SUPPLIED RECORDS:
--- --- ---
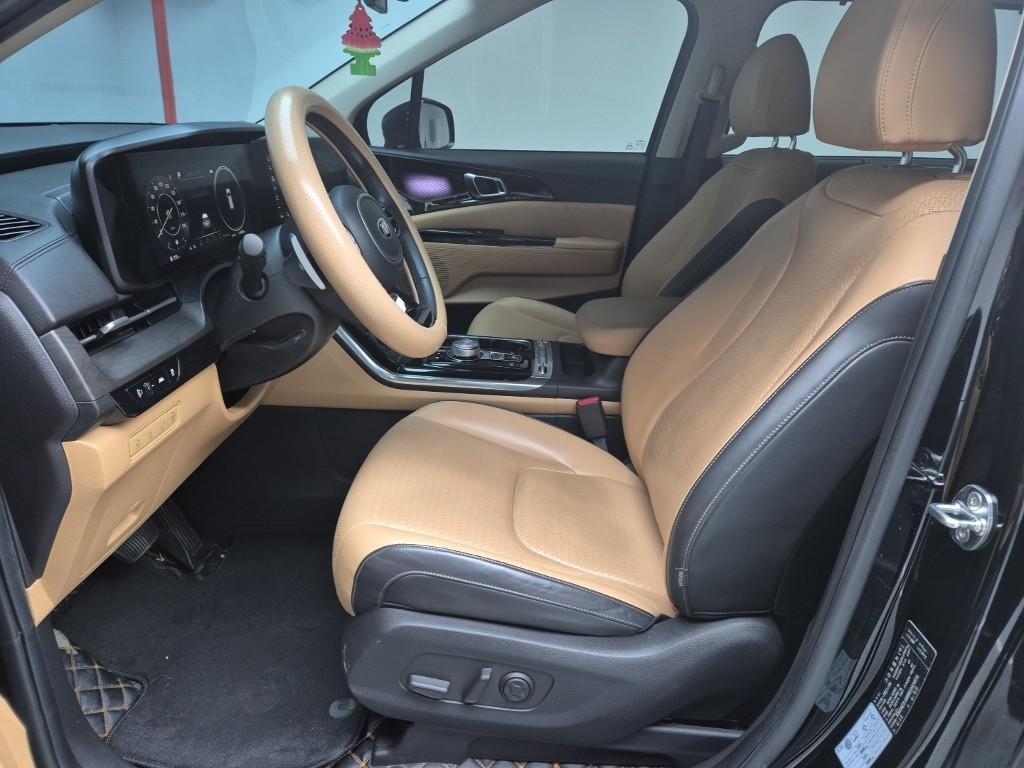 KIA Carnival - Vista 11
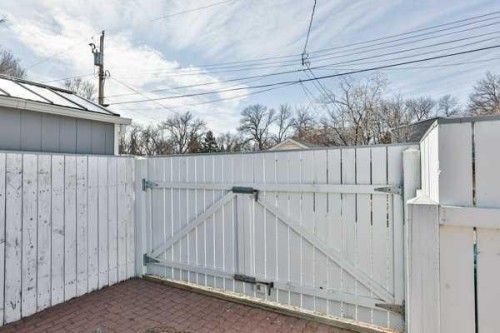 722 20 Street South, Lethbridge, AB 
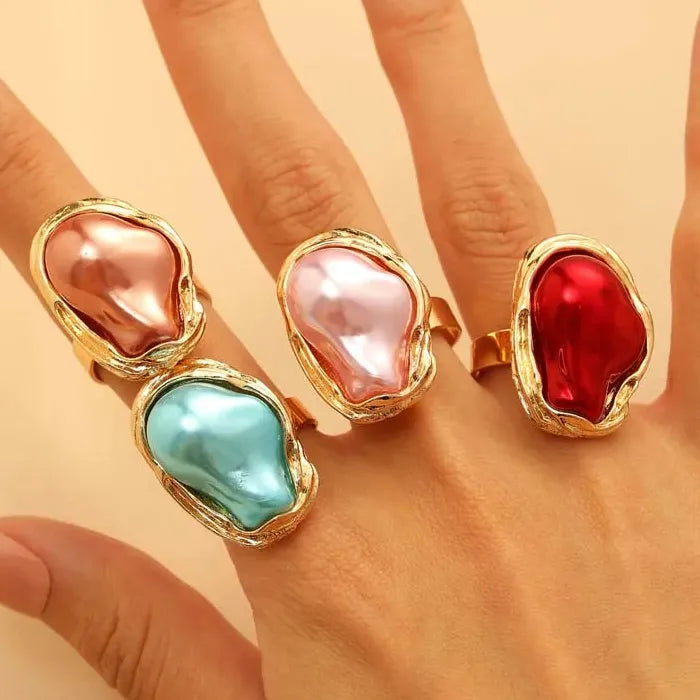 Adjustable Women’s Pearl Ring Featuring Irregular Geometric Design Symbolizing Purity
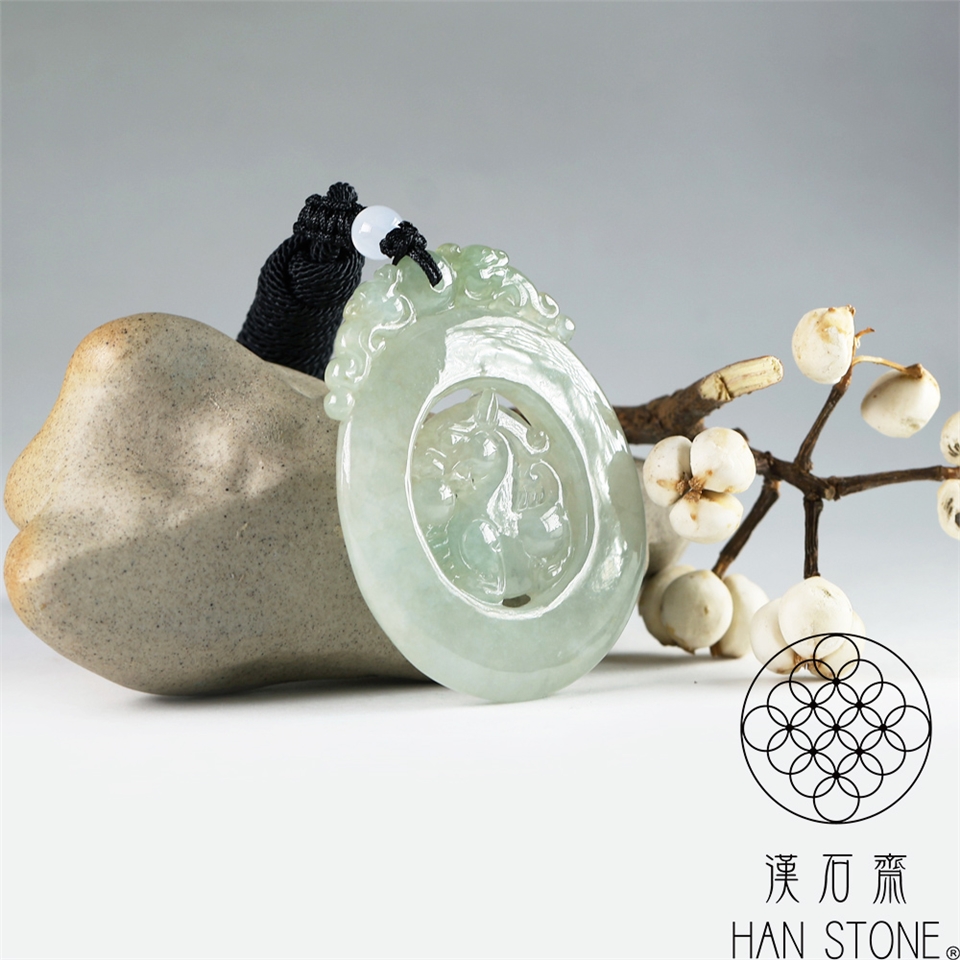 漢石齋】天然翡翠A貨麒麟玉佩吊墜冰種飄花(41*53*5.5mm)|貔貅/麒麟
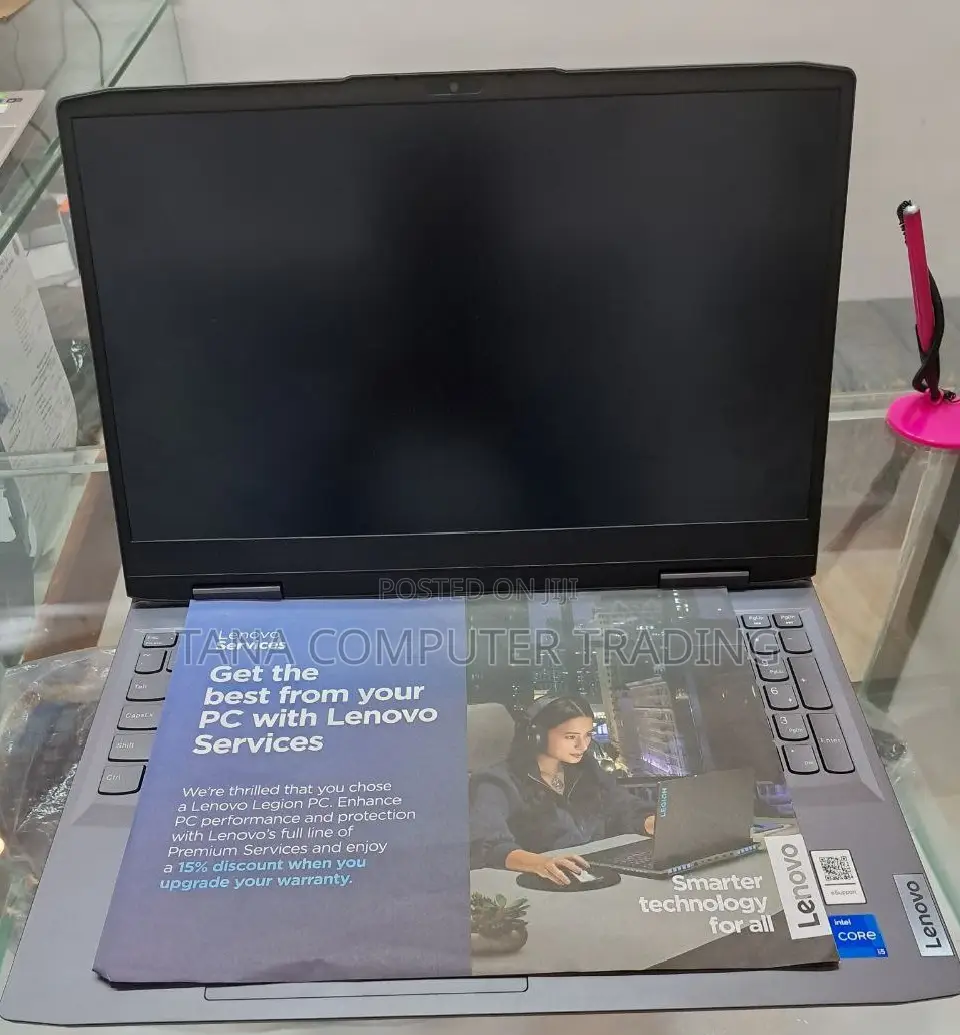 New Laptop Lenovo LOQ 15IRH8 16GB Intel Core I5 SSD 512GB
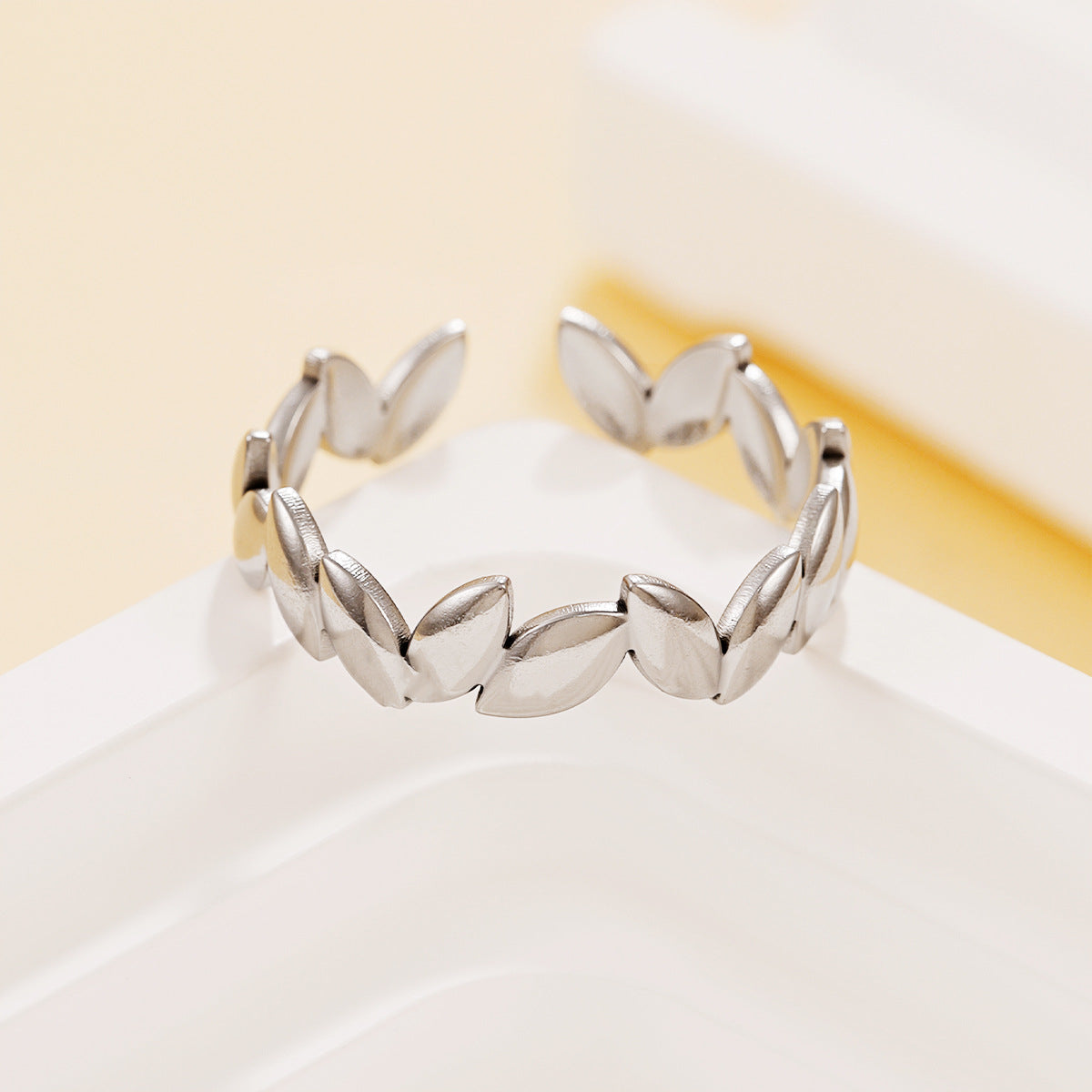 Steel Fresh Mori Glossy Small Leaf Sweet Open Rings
--- --- ---
TASK OBJECTIVE: From the line containing "722 20 Street South, Lethbridge, AB" through the final line of the listing, copy every line exactly and nothing else. Skip the pictures.

EXERCISE SOLUTION:
 722 20 Street South, Lethbridge, AB 
 Adjustable Women’s Pearl Ring Featuring Irregular Geometric Design Symbolizing Purity
 漢石齋】天然翡翠A貨麒麟玉佩吊墜冰種飄花(41*53*5.5mm)|貔貅/麒麟
 New Laptop Lenovo LOQ 15IRH8 16GB Intel Core I5 SSD 512GB
 Steel Fresh Mori Glossy Small Leaf Sweet Open Rings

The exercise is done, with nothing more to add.